How is the government’s push towards open source software impacting Microsoft?

Our Azure cloud platform is completely open and flexible. I think is not a debate between open source vs commercial software. I think the discussions should really focus on government procurement policy and technology neutrality.

But to use open source as a means for procurement is actually vitiating the whole purpose because you need technology neutrality, you want people to use best technology. That may not be open source. The previous procurement policy was pretty okay. But the current policy while it says it prefers it is open source, it says you have to give a reason why it is not open source. Which government servant is going to do that!

How has your growth been in India so far?

Our growth rates have been much above the market. In cloud itself, our growth is over 100 per cent. If you look at the cloud business, the overall market they say in 2015 is going to be about $840 million in a $50-billion market. So it is still very small. So for me, it is very small of my business but it is growing at 100 per cent.

My overall business is still growing higher than the market. Market growth rate for software is around 12-14 per cent. We are much higher than that.

I am not in a market share business. I am the big guy in the software. I am not that a big guy in the cloud market from a potential perspective. Now I’m bigger than Amazon and Google but they are very tiny in India. What we are looking at is how to expand the market. If I start looking at what’s going to happen, I don’t think even the Gartner figure of $844 million becoming $2 billion by 2018 is correct. I think it’s going to be much more. In fact Zinnov says it could be between $5 billion and $7 billion.

Given the myriad of business challenges in the country, what kind of investments are you planning to make here?

We are here for the long term. The intent is clear. The challenge is how to get it done. We are bullish, we are making investments ahead of time. The investment we have done in the cloud data centre is really something which I think is in that line.

I like Digital India, I like the focus on the citizens rather than on the government. I think they understand the challenges and they want private and public participation. So I'm willing to invest, like we've done. So we're not waiting for perfection and going ahead with what we have.

We believe for a software company, there are only two things that can be done for Make in India. First, to set up development centres — which we already have in India. And second is to set up cloud data centres because those are the factories where the data resides. We've done both as we've taken a leap of faith.

Do you believe things have improved from an ease-of-doing-business perspective?

The Government is getting pragmatic. They just need to make sure that it goes right down. Ease of doing business is not where it should be. All of us have tax issues in some forms or the other. But the IT industry is primarily transfer price related, especially for a software company. The complexity of taxes is still huge. Today, when you buy a software product, you actually pay two taxes — service tax and VAT. And the reason for that is because everyone wants to play it safe because they don't know who in what jurisdiction will interpret what as what.

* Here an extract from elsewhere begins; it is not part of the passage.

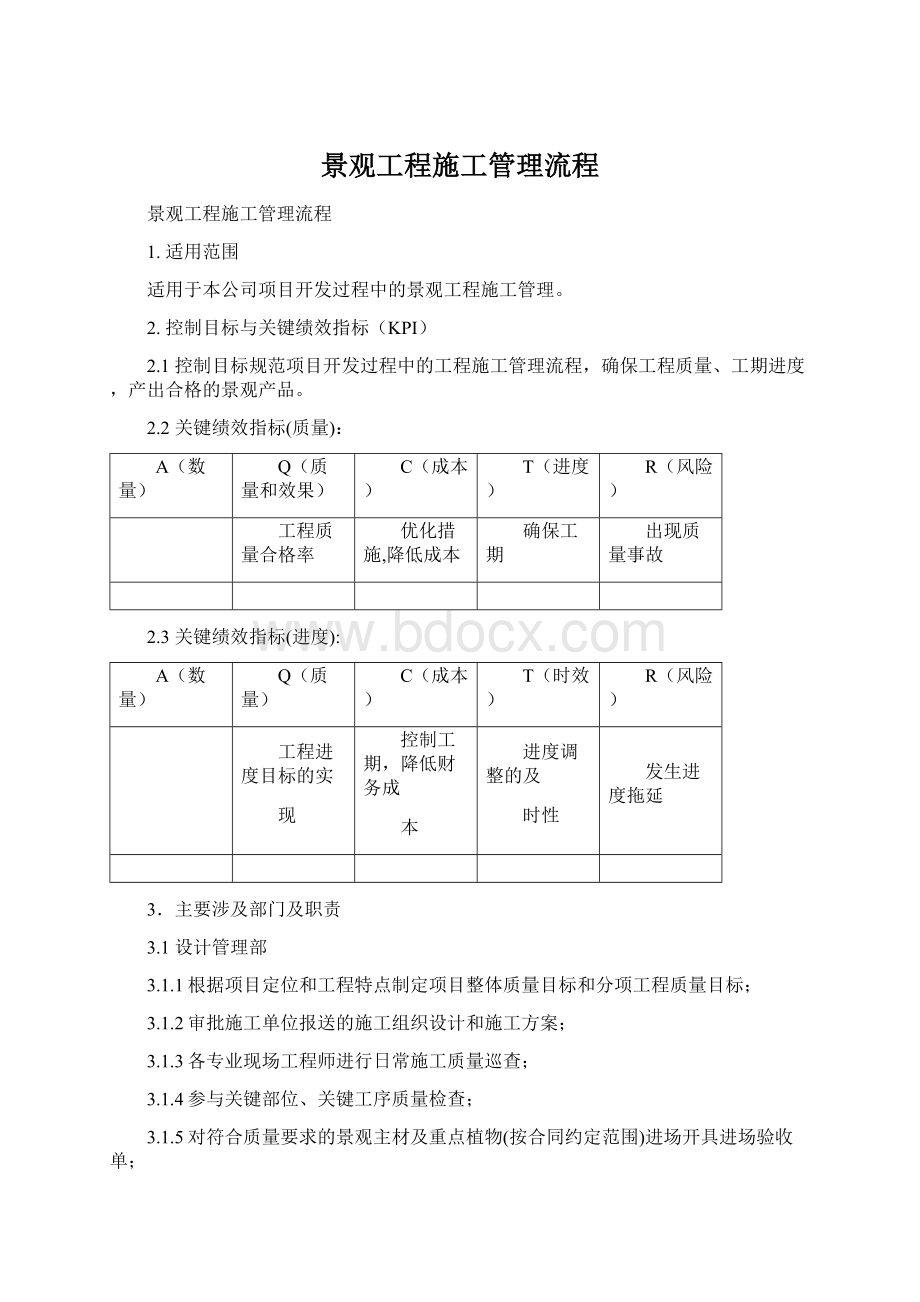 景观工程施工管理流程.docx_第1页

Therefore, I think lack of clarity is an issue and if you go to the government, they say GST is coming, we'll take care of all of those issues. Ease of doing business is a challenge and that's something we need to focus on.

You’ve been testing WhiteFi technology in Andhra Pradesh. How have the pilots gone so far?

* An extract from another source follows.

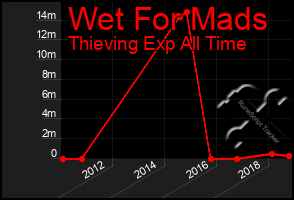 Total Graph of Wet For Mads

The pilots worked out pretty well. We set it up in a district called Srikakulam, connected four schools together. So far we believe this is the lowest cost access methodology. We have 2G, 3G, drones, balloons, but this is technology. This technology can be rapidly rolled out. The cost is very low. The whole pilot in four schools for 600 students in Andhra Pradesh cost us not more than ₹1 lakh.

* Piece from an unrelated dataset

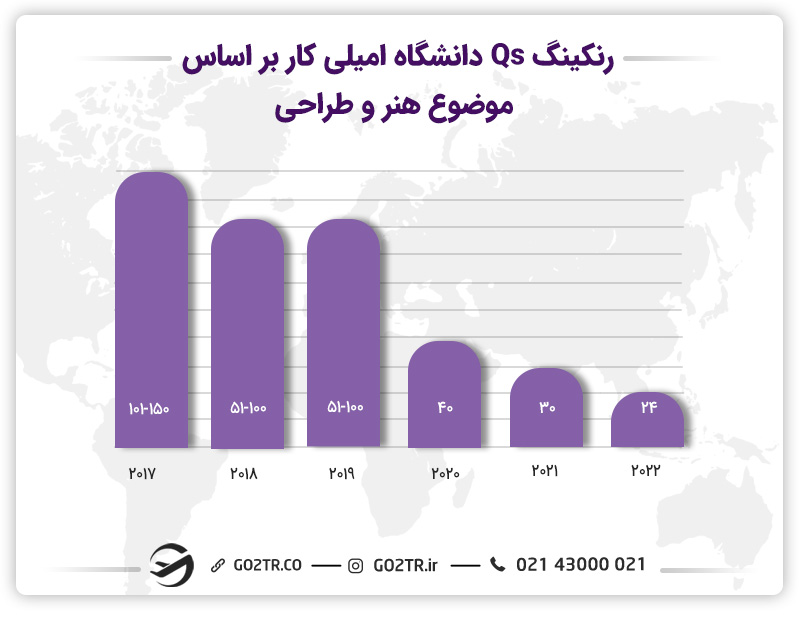 رنکینگ دانشگاه امیلی کار کاندا طی سال‌های مختلف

What is Microsoft’s contribution to Digital India?

We are looking at various possibilities. We haven’t yet been able to come out with what the final thing will look like. The digital locker is perhaps one way of doing it because you need to have something that the citizen controls and not somebody else. So we are looking at the different possibilities and if that can be used and extended across financial, commercial and government services.

In your RoC statement, you said you'll be investing ₹1,500 crore in data centers. How much have you invested? How would local data centres benefit your business?

We are in the ball park of that. The only requirement that they (regulators) have from a BFSI perspective is that they said data should be resident in India and if you have to move data elsewhere, you have to take the government’s permission. The regulation never said you can’t do it. So we solved that problem by setting up the data centres here. It is a huge investment but I believe it is worth it.